This is a cool VPlan transformation, but I think in most of the changed tests here LICM will already pull out these uniform stores before it hits the loop vectorizer. Were you seeing any workloads or benchmarks where this prevented scatters?

Mel-Chen

We can implement it in SimplifyRecipes:
Add a static function static void simplifyRecipe(VPWidenMemoryRecipe *Mem, VPTypeAnalysis &TypeInfo);

And modify VPlanTransforms::simplifyRecipes to:

for (VPBasicBlock *VPBB : VPBlockUtils::blocksOnly<VPBasicBlock>(RPOT)) {
  for (VPRecipeBase &R : make_early_inc_range(*VPBB))
    if (auto *Def = dyn_cast<VPSingleDefRecipe>(&R))
      simplifyRecipe(Def, TypeInfo);
    else if (auto *Mem = dyn_cast<VPWidenMemoryRecipe>(&R))
      simplifyRecipe(Mem, TypeInfo);
}

Although overloading would work, I think having a visitor would be better. #165568 (comment)

Regarding sinking, I’m working on sinking recipes without in-loop users for bzip2. It should be applied after licm. Eventually, we can sink scalar stores out of the vectorized loop together.

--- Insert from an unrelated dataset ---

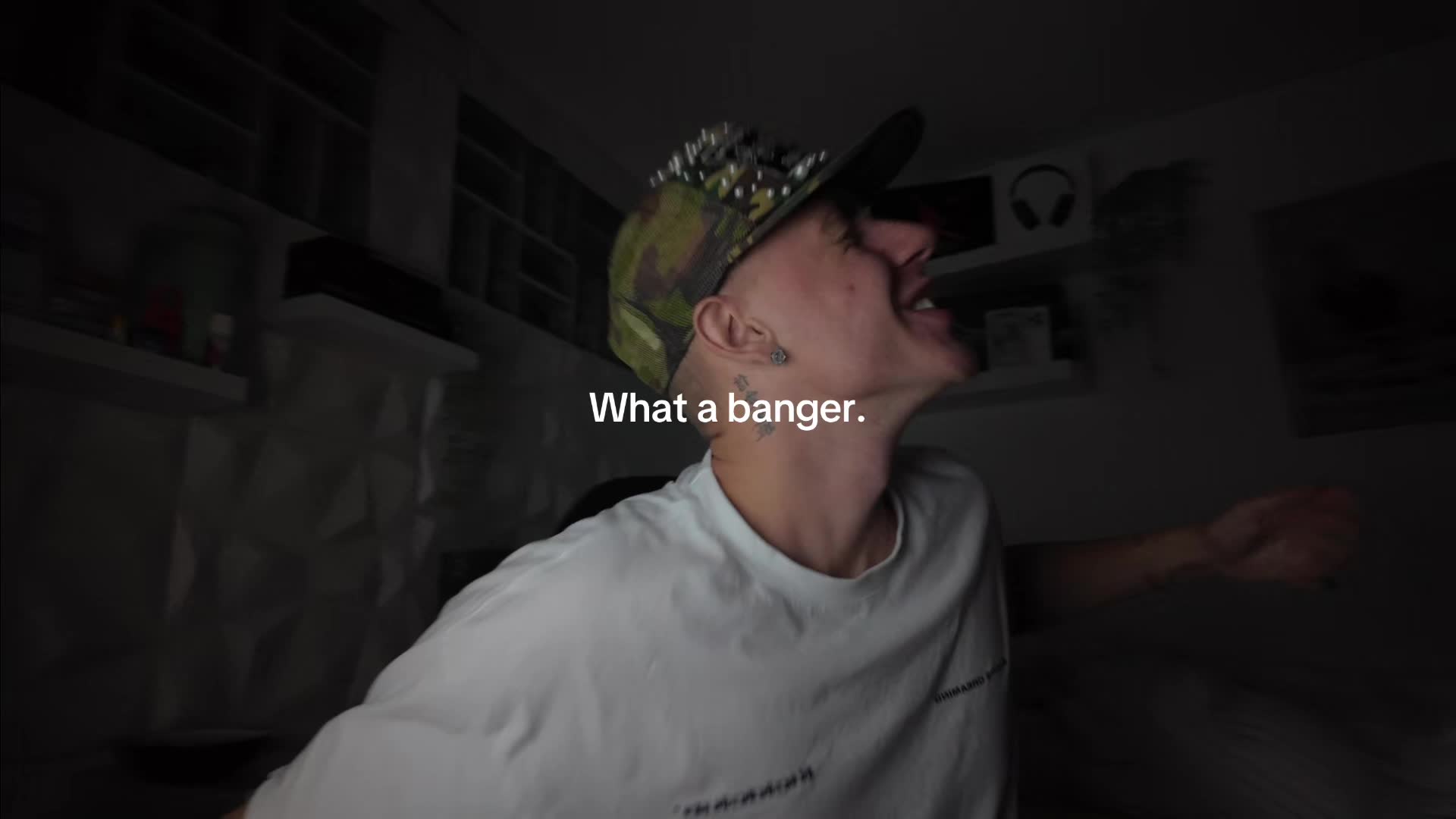 @Kaymusic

Mel-Chen · 2025-11-03T06:12:14Z

llvm/lib/Transforms/Vectorize/VPlanTransforms.cpp

  }
 }

+static VPSingleDefRecipe *findHeaderMask(VPlan &Plan);


Mel-Chen · 2025-11-03T06:16:04Z

llvm/lib/Transforms/Vectorize/VPlanTransforms.cpp

+    for (VPRecipeBase &R : make_early_inc_range(*VPBB)) {
+
+      // Only transform store recipes.
+      if (!isa<VPWidenStoreRecipe, VPWidenStoreEVLRecipe>(&R))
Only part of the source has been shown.